Synthetic Designed Experiments for Diagnosing Vision Model Failures

Krisanu Sarkar
Indian Institute of Technology Bombay
Under Review at CVPR SynData4CV 2026

Abstract

Current synthetic data pipelines for computer vision generate images without diagnosing what the downstream model actually needs. We propose Synthetic Designed Experiments for Representational Sufficiency (SDRS), a principled framework based on the statistical theory of Design of Experiments (DoE). SDRS treats the downstream model as a black-box system and the synthetic generator as an experimental apparatus. Using fractional factorial designs, SDRS efficiently audits a model's factor-sensitivity profile via ANOVA decomposition, identifying coverage failures (Type I gaps) and spurious dependencies (Type II gaps).

Theoretical Framework: ANOVA Decomposition

SDRS leverages the Analysis of Variance (ANOVA) to decompose the model's response (e.g., loss or accuracy) into contributions from individual scene factors and their interactions. For a set of factors \(\{F_1, F_2, \dots, F_n\}\), the total variance in model performance is partitioned as:

\[ SS_{\text{total}} = \sum_{i} SS_{F_i} + \sum_{i < j} SS_{F_i \times F_j} + SS_{\text{error}} \]

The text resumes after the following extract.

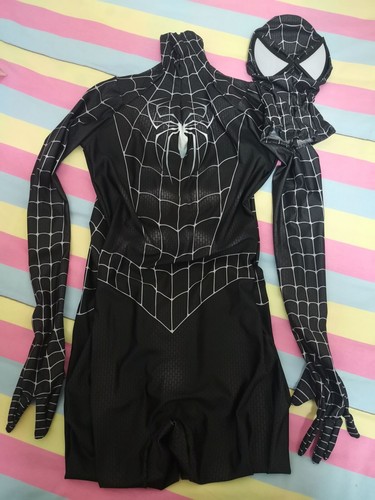Black Amazing Spiderman Jumpsuit Venom Spandex 3D Suit Cosplay Costume Halloween - Picture 3 of 13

A high F-statistic for a specific factor indicates that the model is highly sensitive to that factor, revealing potential representational gaps or biases.

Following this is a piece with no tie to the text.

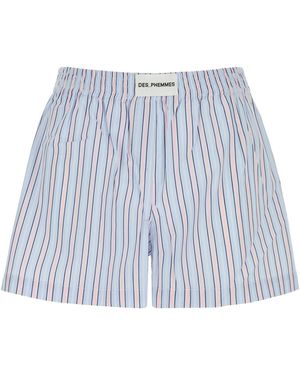 Des Phemmes Embroidered Poplin Shorts - Blue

Experiment 1: Diagnostic on dSprites

We planted specific biases in a dSprites-based dataset to test if SDRS could detect them. The audit correctly identified both gap types, and targeted data improved accuracy significantly.

dSprites Experiment Results
Figure 1: ANOVA Audit on dSprites. The F-statistics reveal high sensitivity to shape and orientation before correction, which is mitigated after targeted synthetic data intervention.

Accuracy Comparison

Condition Accuracy
No Synthetic Data (Baseline)47.4%
Random Synthetic Data53.8%
Domain Randomization53.5%
SDRS (Targeted)79.0%

Experiment 2: Dense Segmentation

In a procedural scene segmentation task, SDRS detected background-complexity shortcuts that limited model generalization.

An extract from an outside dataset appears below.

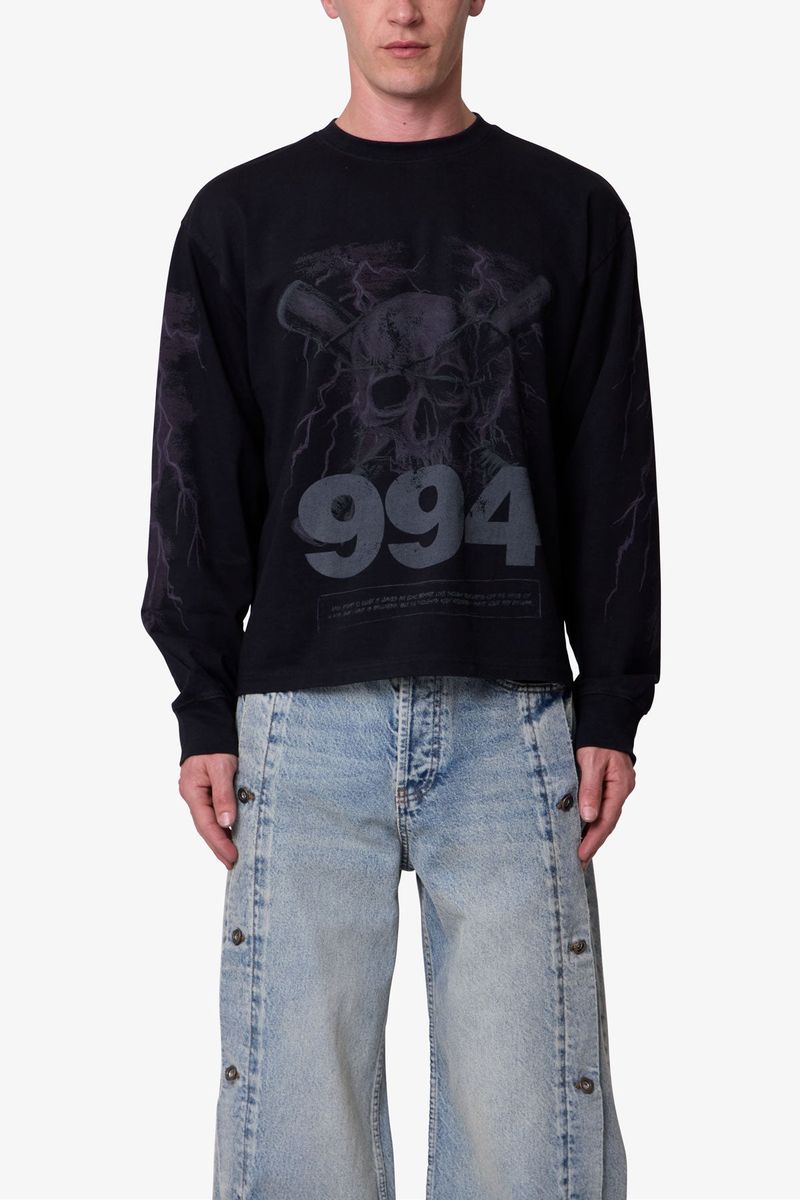 MNML Crossbone L/S Tee - Washed Black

Segmentation Experiment Results
Figure 2: Segmentation Audit. The audit identifies background complexity as a major factor influencing model performance (Type II gap).

mIoU Performance

Method mIoU
Baseline0.332
Random Sampling0.976
SDRS (Targeted)0.998

Experiment 3: Entanglement Detection

SDRS can also be used to audit the generator itself, identifying cross-factor contamination in imperfect synthetic pipelines.

Entanglement Detection Results
Figure 3: Entanglement Audit. The ANOVA decomposition identifies "leaked" factors where the generator fails to maintain independent control over scene parameters.

Conclusion

SDRS transforms synthetic data generation from a "hit-or-miss" random process into a principled diagnostic tool. By applying Design of Experiments to vision models, we can systematically identify and fix representational failures, leading to more robust and reliable AI systems.